Board directors of banks must take ultimate responsibility for outsourced services and document how they manage the risk of outages and disruptions to customer services, according to a proposal by the global Basel Committee of banking regulators on Tuesday.
Banks are increasingly relying on third-party tech companies, such as Microsoft, Amazon, and Google, for cloud computing to run key services. This trend has raised concerns among regulators about the potential impact on the financial sector if a major provider used by many banks were to experience a failure.
Recently, banks and telecommunication companies operating in Nigeria experienced significant downtime due to internet outages caused by damage to international undersea cables.

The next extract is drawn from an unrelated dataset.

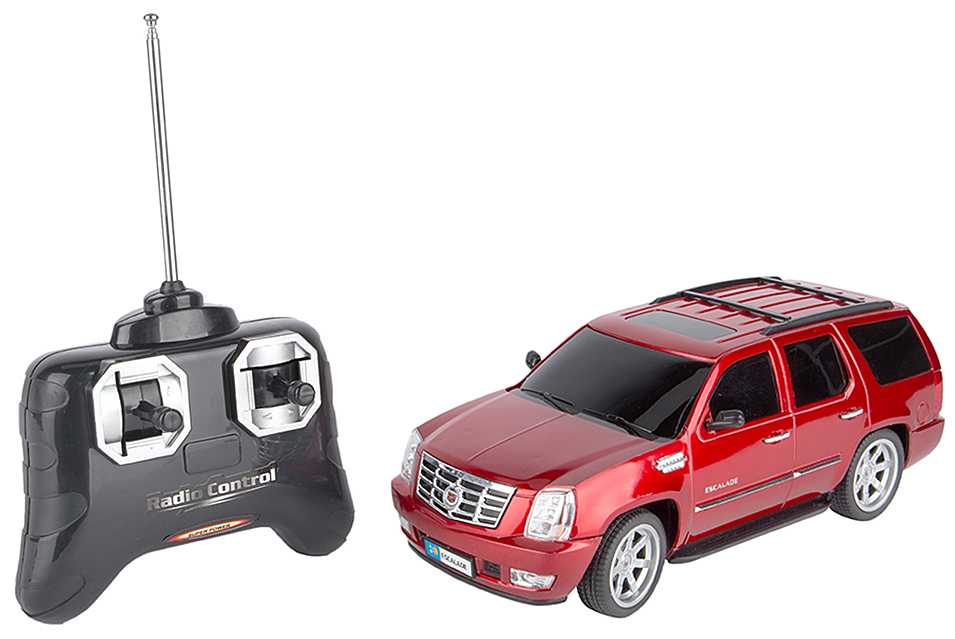 

Радиоуправляемая машинка GK RACER SERIES Cadillac Esclade 1:24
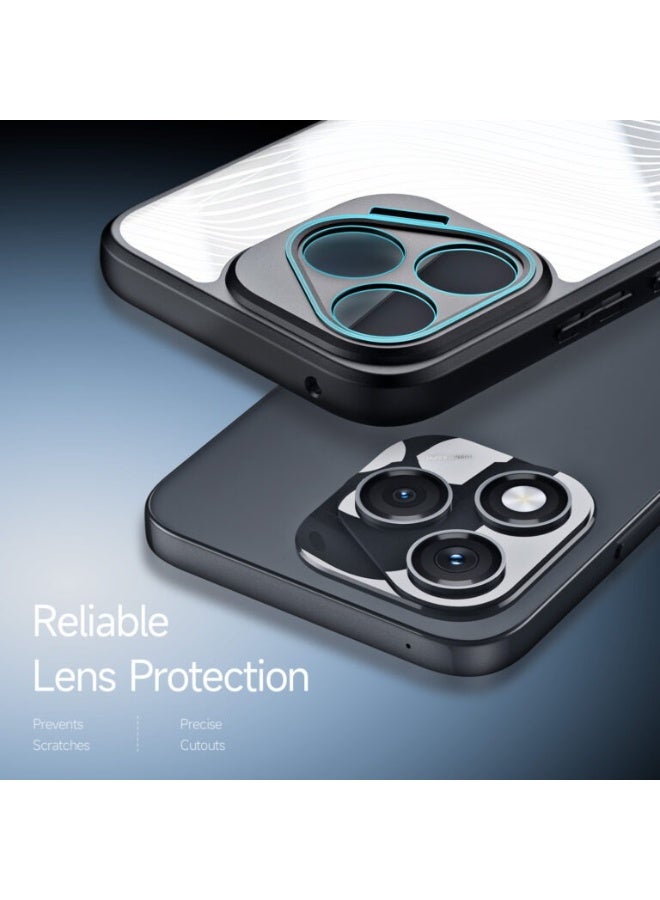 Dux Ducis Aimo Series honor 400 Lite for  TPU+PC Matte Drop-Proof Phone Cover -Black - Image 5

“Ongoing digitalisation has led to rapid adoption of innovative approaches in the banking sector,” the Basel Committee stated. “As a result, banks have become increasingly reliant on third parties for services that they had not previously undertaken.”

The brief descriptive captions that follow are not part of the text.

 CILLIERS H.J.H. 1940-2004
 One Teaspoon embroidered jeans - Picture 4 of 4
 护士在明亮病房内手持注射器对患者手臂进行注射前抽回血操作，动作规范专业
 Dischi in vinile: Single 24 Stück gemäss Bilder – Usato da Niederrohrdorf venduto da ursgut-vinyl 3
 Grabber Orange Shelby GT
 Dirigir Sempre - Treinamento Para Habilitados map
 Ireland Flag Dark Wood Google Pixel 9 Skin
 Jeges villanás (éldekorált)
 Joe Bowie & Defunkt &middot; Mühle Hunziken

The committee, composed of regulators from the G20 and other countries, proposed 12 principles for banks and their regulators to apply, emphasizing that the bank’s board of directors holds ultimate responsibility for oversight of third-party arrangements.
“As with all business processes, documentation evidencing key decisions (e.g., third-party strategy, board minutes reflecting the decision to enter into a critical arrangement) should be maintained in banks’ records,” the Basel Committee said in its consultation paper.
Third-party services have come under increased scrutiny as hackers continually attempt to breach banks’ cyber defenses, undermining operational resilience and causing customer service disruptions for hours or even days.
To address these concerns, the European Union has approved the Digital Operational Resilience Act (DORA) to improve resilience in the financial sector starting next January, with Britain implementing similar measures.
Basel emphasized that banks should undertake “appropriate due diligence” of risks before signing contracts with third parties and continuously monitor the performance of these services.
Banks should also maintain “robust business continuity” management to ensure they can operate during a disruption, Basel stated.